How the hell are we supposed to retire?

rick81721

Lothar

w_b

Well-Known Member
I just went thru it again last night, when my 12 YOs told me they needed jobs (LOL):
  1. work hard and long
  2. live within your means
  3. take care of your stuff
  4. invest what you can for the future, consistently
  5. get 10% a year average return
THAT's HTH we are supposed to retire!

My Dad did 1 thru 4, didn't quite get #5 all the way, but he's doing OK so far; after 16 years of retirement (and turning 82 next week)
Go Dad!
 

w_b

Well-Known Member
And doing it still in NJ right? Very impressive!
The whole "lower your cost of living in retirement" thing never occurred to him.
Now he's not as spry as he was, so he's not MTB'ing with me anytime soon, but he figured it out.
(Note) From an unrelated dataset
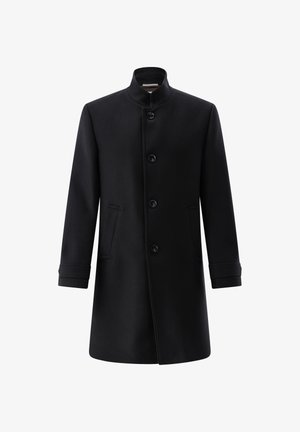 Black, long wool coat with a high collar, six buttons, and two side pockets. Smooth texture and tailored design with a straight cut.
Few more years, my kids outta collage, then feet up.
 

Bike N Gear

Shop: Bike N Gear
Shop Keep
Anyone familiar with Blackrock's separately managed accounts? Advisor is recommending moving our muni bonds to a Blackrock Municipal Fixed Income fund managed by Blackrock for increased diversification.
 

Patrick

Overthinking the draft from the basement already
Staff member
Anyone familiar with Blackrock's separately managed accounts? Advisor is recommending moving our muni bonds to a Blackrock Municipal Fixed Income fund managed by Blackrock for increased diversification.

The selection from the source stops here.